BEGIN Material for the task

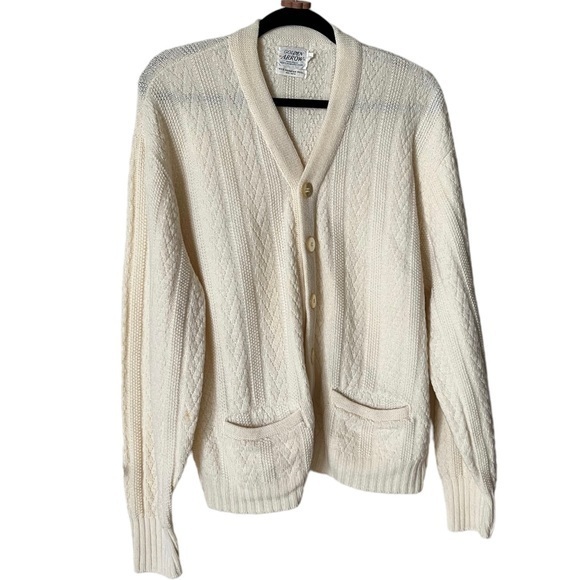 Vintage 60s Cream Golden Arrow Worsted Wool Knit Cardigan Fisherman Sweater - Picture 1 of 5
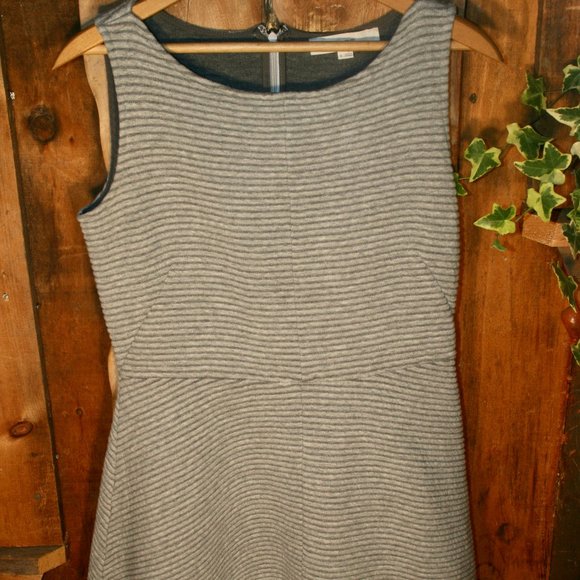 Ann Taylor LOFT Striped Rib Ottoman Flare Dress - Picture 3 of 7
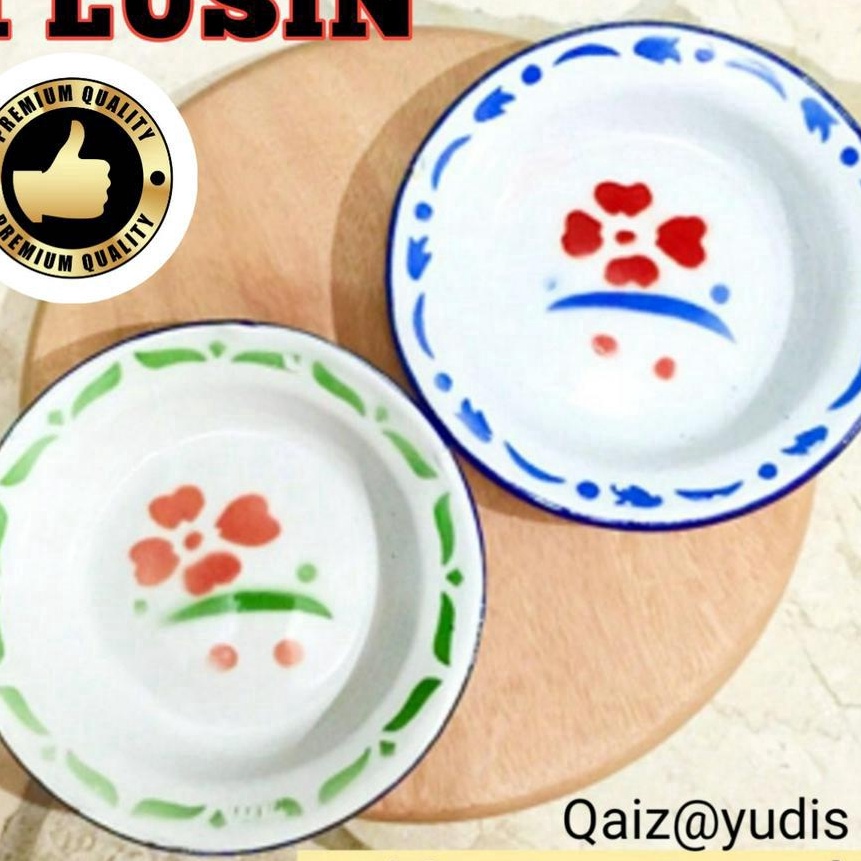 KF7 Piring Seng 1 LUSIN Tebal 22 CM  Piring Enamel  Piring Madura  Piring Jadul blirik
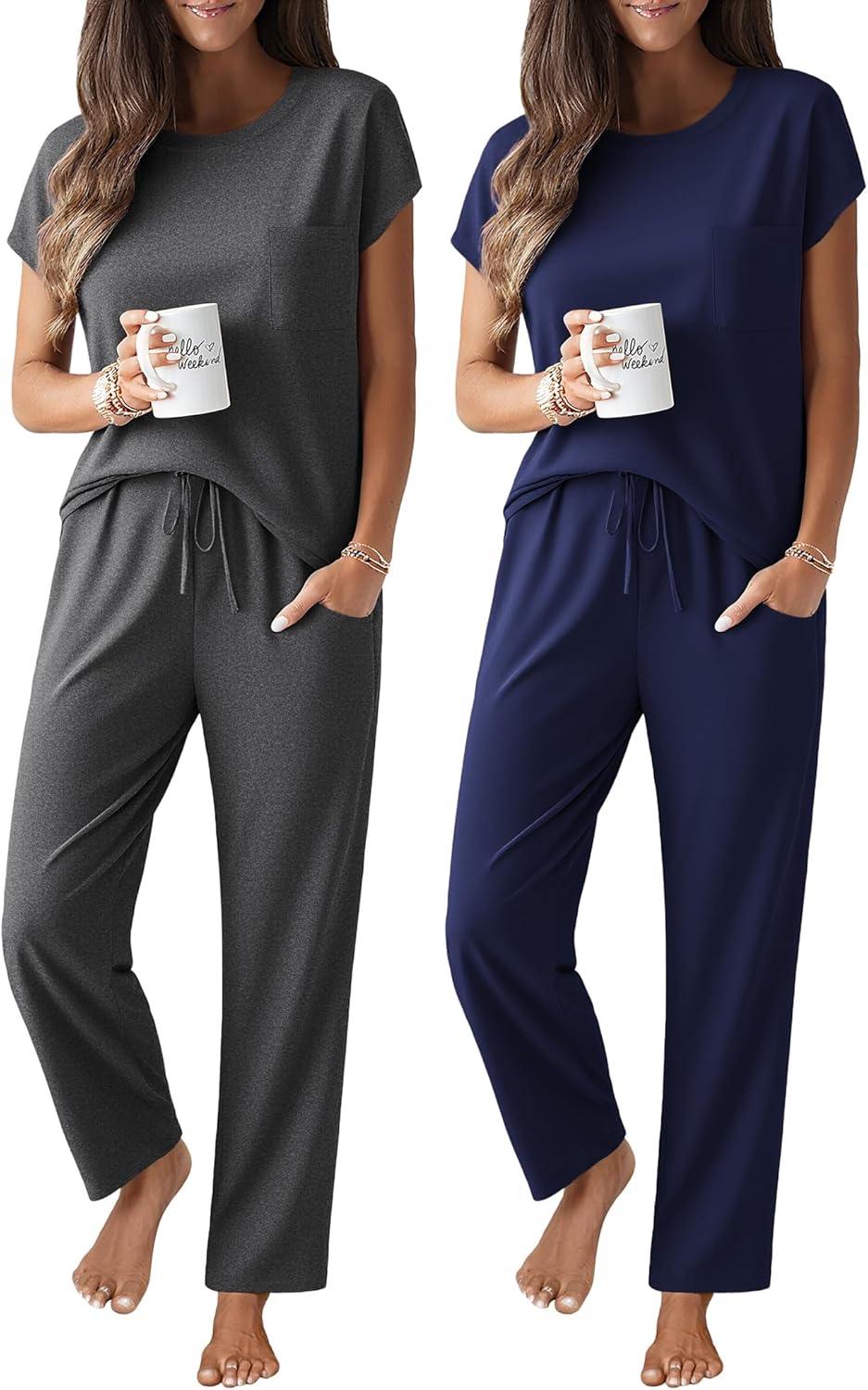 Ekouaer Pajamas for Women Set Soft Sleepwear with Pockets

END Material for the task
BEGIN Material for the task

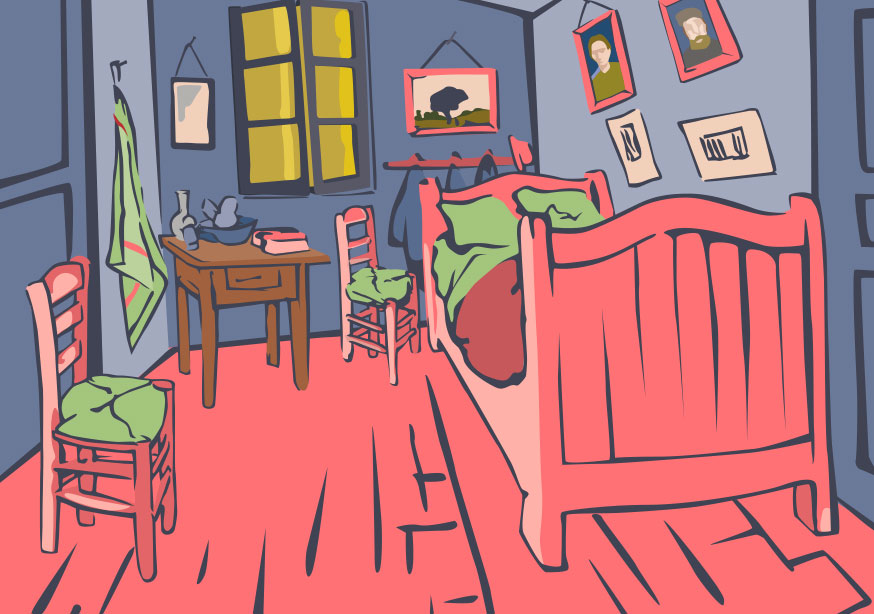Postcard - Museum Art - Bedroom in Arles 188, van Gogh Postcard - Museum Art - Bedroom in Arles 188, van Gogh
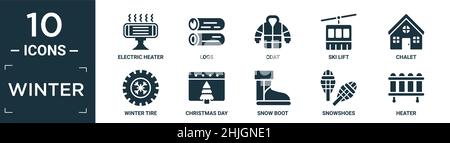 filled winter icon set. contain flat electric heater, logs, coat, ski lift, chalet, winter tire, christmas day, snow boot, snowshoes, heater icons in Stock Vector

END Material for the task

What you will do: Within the listing above, write out the stretch from the line with "Ann Taylor LOFT" through the line with "Ekouaer Pajamas for" exactly. Any pictures are to be left out.

Exercise result:
 Ann Taylor LOFT Striped Rib Ottoman Flare Dress - Picture 3 of 7
 KF7 Piring Seng 1 LUSIN Tebal 22 CM  Piring Enamel  Piring Madura  Piring Jadul blirik
 Ekouaer Pajamas for Women Set Soft Sleepwear with Pockets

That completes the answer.